While communicating one's ideas and emotions in various forms is an
important and life affirming act, the unrestricted ability to ruin
reputations, cause legal and criminal hardship to innocent people and
generally use the law as a weapon for cruelty's sake is not what
anybody's founding fathers really had in mind when they created the
concepts and documents establishing a vision for their descendent's
future.
Alvin Goldstein, born in Brooklyn in 1936, is certainly one of those
rabble rousers who have become inextricably linked with what the actual
parameters of being offensive for it's own sake are concerned. He
worked as a journalist for other periodicals before deciding with Jim
Buckley to start "Screw" back in the late 60s and pretty much dare the
cops to come and get them! Back then something like what we can see on
"Sex And The City" would have been considered hard core porn by many,
so it wasn't long before the duo did get arrested and continued to many
times.
In his autobiography "I, Goldstein", Al describes his life as a quest
for some kind of mental and sexual fulfilment that he assumed his
father's generation didn't have. The need for attention became as life
threatening an obsessive compulsion as his gluttony with food and
prostitutes, not to mention the relentless shopping sprees and
generosity with taking friends and business associates out on the town
for lavish meals. Al loved feeling like a big shot and the material
wealth didn't quite make up for the patterns that would dominate his
life for the long haul.
He ended up homeless after not heeding well meant advice to slow down
the habits which eventually bankrupted him. And he was wrecked
philosophically by the multiple marriages which he never intended to be
monogamous within. Living a swinger's existence didn't really give him
the self esteem boost he hoped it would.
His public access cable show "Midnight Blue" introduced many folks,
mostly in the New York area, to their first taste of the porn world,
featuring interviews with almost all of the greats, a notable exception
being Linda Lovelace/Marciano, who he'd confronted earlier at a press
conference, waving stills from a bestiality film she'd made pre "Deep
Throat". In typical Goldstein fashion, he was ejected from the event.
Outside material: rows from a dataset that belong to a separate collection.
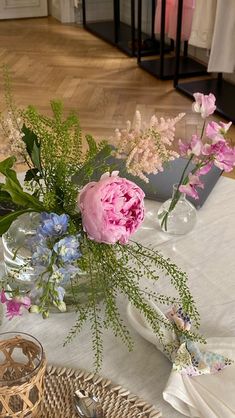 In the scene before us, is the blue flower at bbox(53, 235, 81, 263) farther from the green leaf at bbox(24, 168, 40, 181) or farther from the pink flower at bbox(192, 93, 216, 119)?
the pink flower at bbox(192, 93, 216, 119)

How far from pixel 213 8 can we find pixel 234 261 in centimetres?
275

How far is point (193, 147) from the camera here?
88cm

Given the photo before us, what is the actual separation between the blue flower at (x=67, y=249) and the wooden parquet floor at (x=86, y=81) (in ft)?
7.97

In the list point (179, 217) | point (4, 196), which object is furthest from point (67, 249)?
point (179, 217)

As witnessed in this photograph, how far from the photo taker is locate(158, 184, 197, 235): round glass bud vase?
114cm

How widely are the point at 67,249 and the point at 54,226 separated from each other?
4cm

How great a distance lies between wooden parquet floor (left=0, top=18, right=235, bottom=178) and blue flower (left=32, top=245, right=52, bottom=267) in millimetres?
2421

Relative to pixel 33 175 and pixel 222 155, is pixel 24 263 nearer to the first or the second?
pixel 33 175

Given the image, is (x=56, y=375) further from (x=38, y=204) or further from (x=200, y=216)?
(x=200, y=216)

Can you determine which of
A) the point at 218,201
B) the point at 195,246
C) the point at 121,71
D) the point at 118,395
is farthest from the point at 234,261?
the point at 121,71

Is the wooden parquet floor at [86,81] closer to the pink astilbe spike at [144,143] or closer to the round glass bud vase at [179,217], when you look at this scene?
the round glass bud vase at [179,217]

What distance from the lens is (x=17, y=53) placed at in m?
4.89

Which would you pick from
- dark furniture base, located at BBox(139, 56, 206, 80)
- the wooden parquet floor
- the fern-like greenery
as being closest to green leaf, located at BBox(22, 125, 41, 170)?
the fern-like greenery

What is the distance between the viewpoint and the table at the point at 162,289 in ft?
2.74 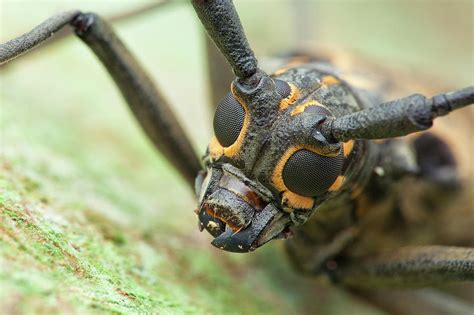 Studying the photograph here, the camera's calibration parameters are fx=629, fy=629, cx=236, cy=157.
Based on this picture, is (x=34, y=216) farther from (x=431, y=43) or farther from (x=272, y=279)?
(x=431, y=43)

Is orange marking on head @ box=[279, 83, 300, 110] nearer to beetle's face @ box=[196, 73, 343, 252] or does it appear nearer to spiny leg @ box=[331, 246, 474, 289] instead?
beetle's face @ box=[196, 73, 343, 252]

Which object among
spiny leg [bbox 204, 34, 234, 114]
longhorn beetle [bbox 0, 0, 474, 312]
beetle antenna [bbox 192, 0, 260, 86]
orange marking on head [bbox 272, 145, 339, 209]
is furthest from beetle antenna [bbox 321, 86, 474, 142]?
spiny leg [bbox 204, 34, 234, 114]

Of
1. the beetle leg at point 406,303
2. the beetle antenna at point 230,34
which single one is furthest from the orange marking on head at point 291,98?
the beetle leg at point 406,303

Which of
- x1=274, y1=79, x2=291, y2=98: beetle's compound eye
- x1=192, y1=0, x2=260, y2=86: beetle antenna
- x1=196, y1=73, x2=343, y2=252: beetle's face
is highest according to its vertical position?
x1=192, y1=0, x2=260, y2=86: beetle antenna

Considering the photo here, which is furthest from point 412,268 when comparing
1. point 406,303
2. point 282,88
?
point 282,88

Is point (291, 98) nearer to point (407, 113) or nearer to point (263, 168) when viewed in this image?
point (263, 168)
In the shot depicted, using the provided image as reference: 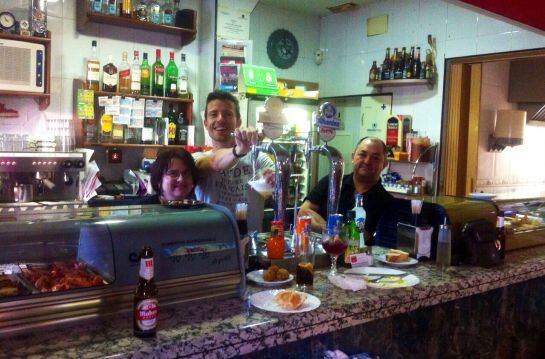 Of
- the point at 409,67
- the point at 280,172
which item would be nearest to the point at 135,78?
the point at 409,67

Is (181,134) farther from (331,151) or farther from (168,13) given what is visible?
(331,151)

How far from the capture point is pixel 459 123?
17.4 feet

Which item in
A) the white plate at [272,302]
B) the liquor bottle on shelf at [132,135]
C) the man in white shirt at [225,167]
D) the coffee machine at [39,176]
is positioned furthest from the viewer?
the liquor bottle on shelf at [132,135]

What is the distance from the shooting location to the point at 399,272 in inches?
81.4

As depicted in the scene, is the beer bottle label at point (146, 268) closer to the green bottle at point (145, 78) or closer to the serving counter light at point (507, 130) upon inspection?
the green bottle at point (145, 78)

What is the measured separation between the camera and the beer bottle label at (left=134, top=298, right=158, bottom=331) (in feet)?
4.35

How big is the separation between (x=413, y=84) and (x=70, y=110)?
11.9 ft

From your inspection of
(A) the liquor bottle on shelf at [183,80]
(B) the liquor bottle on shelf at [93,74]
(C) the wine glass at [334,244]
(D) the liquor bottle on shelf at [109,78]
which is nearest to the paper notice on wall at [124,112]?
(D) the liquor bottle on shelf at [109,78]

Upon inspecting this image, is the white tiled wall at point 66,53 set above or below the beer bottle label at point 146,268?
above

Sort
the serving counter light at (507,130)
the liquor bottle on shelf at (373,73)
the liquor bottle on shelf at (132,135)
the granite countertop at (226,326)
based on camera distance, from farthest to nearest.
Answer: the serving counter light at (507,130) < the liquor bottle on shelf at (373,73) < the liquor bottle on shelf at (132,135) < the granite countertop at (226,326)

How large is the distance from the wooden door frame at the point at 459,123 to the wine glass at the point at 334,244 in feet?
12.0

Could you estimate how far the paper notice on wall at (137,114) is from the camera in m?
4.63

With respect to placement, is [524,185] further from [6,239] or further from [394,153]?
[6,239]

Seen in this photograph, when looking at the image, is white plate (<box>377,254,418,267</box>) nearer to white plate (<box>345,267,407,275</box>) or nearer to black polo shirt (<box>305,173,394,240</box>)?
white plate (<box>345,267,407,275</box>) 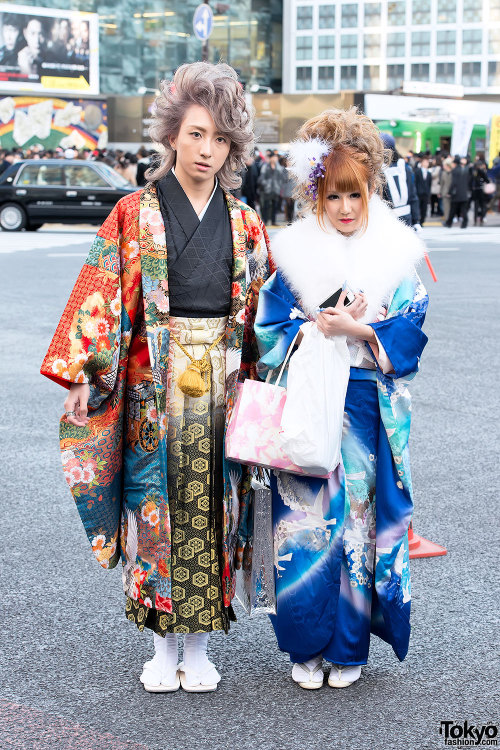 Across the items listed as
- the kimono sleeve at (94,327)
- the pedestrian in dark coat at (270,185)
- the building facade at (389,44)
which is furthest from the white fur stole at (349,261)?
the building facade at (389,44)

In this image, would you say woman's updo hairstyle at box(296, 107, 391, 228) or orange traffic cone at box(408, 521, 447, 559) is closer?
woman's updo hairstyle at box(296, 107, 391, 228)

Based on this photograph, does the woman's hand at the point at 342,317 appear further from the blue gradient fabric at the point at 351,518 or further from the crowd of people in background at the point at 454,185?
the crowd of people in background at the point at 454,185

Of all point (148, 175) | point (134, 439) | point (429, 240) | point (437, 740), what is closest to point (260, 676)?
point (437, 740)

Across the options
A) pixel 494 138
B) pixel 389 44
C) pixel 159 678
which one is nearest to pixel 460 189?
pixel 494 138

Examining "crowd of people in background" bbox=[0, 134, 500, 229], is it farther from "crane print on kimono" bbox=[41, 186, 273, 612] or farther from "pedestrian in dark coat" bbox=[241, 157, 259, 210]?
"crane print on kimono" bbox=[41, 186, 273, 612]

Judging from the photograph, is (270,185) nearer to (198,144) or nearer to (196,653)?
(198,144)

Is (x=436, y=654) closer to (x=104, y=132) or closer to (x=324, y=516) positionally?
(x=324, y=516)

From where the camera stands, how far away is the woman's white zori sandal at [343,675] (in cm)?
300

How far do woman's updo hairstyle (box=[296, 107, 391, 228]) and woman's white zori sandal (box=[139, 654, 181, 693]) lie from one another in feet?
4.51

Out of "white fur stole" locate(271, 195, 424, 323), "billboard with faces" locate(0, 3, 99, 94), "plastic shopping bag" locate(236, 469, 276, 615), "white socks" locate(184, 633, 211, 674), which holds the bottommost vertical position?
"white socks" locate(184, 633, 211, 674)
He published the first North American photos of Jackie O nude, the same
ones Larry Flynt's "Hustler" set adult mag records in sales for a few
months later. He accused Flynt of basically taking almost everything
from "Screw" and it's not really an exaggeration.
The infamous "Campari" ad parody that landed Flynt in hot water (and
eventually before the US Supreme Court) was at first a poke at Al's
sexuality in his own publication. That single piece of satire was the
fuse for a free speech explosion which had a unanimous decision from
all the highest court in the land's justices agreeing figures like Rev.
Jerry Falwell were indeed subject to vicious comic treatment that they
couldn't really sue over.
Goldstein's treatment of his own family, most notably ex-wife Gena and
"former" son Jordan, was a very different kind of attack and even Al's
most ardent defenders would have problems with his taking such personal
matters into the most public and infamous forums in that cruel a
manner. He's been in court at many times for taking any and all
frustrations with whoever has crossed him to a ridiculous extent.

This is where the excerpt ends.